This is going to be a journey filled with pain, I've known that already. But I have to let it be a journey. I can't stay stuck here for the rest of my life. I realize, now, that I want to run from the past. What better way to do that than run headfirst into my future?
Slowly, I need to erase away what's left. What happened to me was awful; but that's just it: it was awful and it was terrible but I need to get out of it. I can't let that fact consume me. I need to acknowledge that, yes, it was excruciatingly painful. And then I have to take that knowledge, and understand it, and then walk on.

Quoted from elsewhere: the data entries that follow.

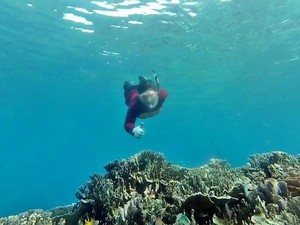 Bawah Laut Halmahera Selatan, Mantap Jiwa!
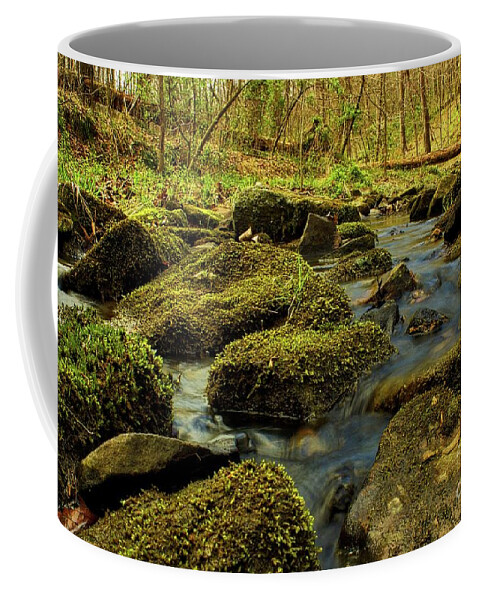 Flow Coffee Mug featuring the photograph Meandering by Ty Shults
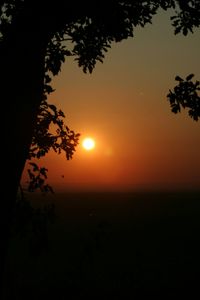 Silhouette of trees at sunset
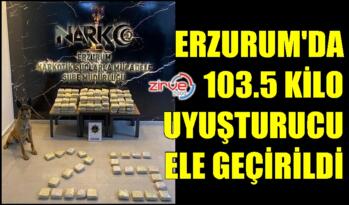 ARAMA KÖPEĞİ ERİS BULDU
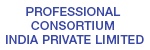 PROFESSIONAL CONSORTIUM INDIA PRIVATE LIMITED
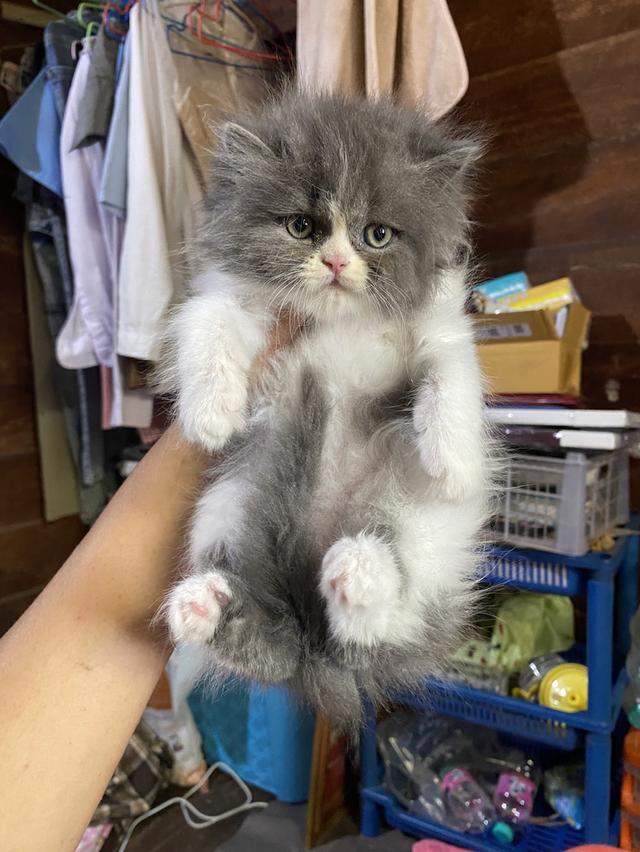 เปอร์เซียแท้ ผู้ชายตัวสุดท้าย รูปที่ 3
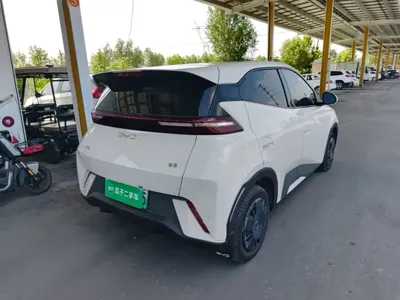 BYD Seagull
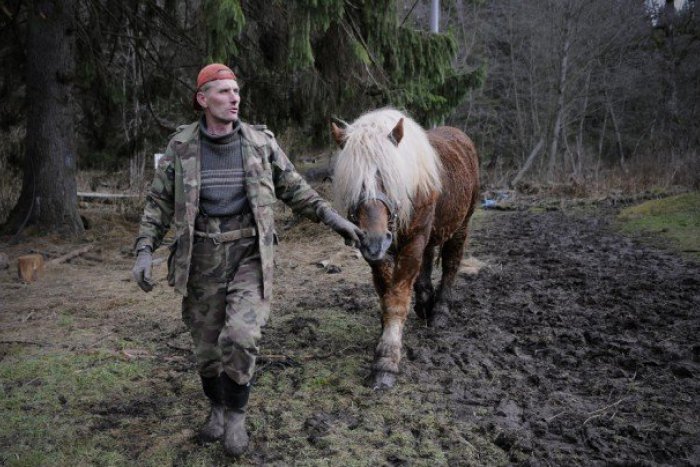 Ilustračný obrázok k článku Kone z Dobšinej vyšľachtené na prácu v lese: Je o ne veľký záujem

There will be stumbles and falls, I know that. Sometimes I will fall back; some nights I will cry until my eyes are swollen and I've exhausted myself and I fall asleep with tears on my cheeks. The pain will be monstrous; my heart will ache and I will feel like I'm really, actually dying. And I'm allowed to feel that pain! I have the right to feel that pain! And, at the end of the day, even though I forget it ALL THE TIME, I also have the right to heal.
I hate myself quite a lot, so it's hard to even say that. That I have the right to get better.

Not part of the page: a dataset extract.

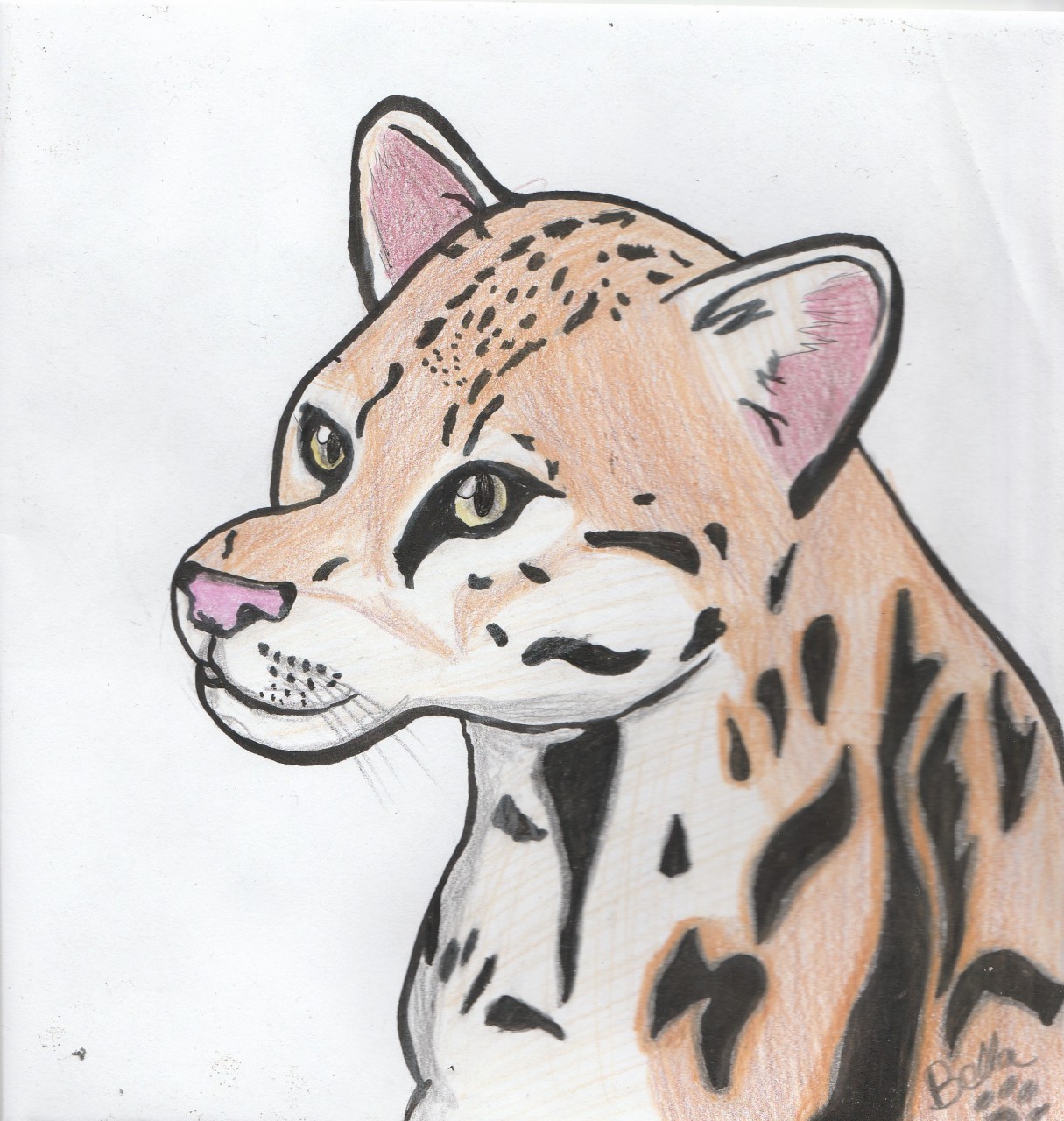 1215x1280 Ocelot By Narcolepticocelot - Ocelot Sketch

But I do. I do have that right, and I do deserve, 100% deserve, to heal.
The pain will not subside completely, ever. However, that isn't the point, and that's not a reason to let it RULE me forever. I CAN find happiness that will trump that pain wholeheartedly.

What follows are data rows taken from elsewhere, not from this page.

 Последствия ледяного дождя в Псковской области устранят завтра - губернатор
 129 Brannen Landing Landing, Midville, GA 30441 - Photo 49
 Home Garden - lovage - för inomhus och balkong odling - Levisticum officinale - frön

The ghost of first love never really leaves you. It makes sense; it's the first time you gave your whole self to someone, the first time you left yourself open, raw, your heart completely unguarded. It can change you, and damage you. With first love, comes first heartbreak. I do know, however, that I will come to accept it one day. One day the rage will fade. One day the tears will dry. One day the heart will heal; I sometimes have a MASSIVELY hard time believing that last one. I do know, though, that when the heart does heal, there will always be a scar.
I will always carry scars.
But although I give up hope so much that this is true, I pray, I PRAY, that there are other people like me, who will look at someone's scars, and then look at the owner of them, and call them beautiful.
So this has got to be goodbye.
I will always have love in my heart for certain people.
And with that heart, I am walking away.
Sometimes, the hardest thing and the right thing are the same.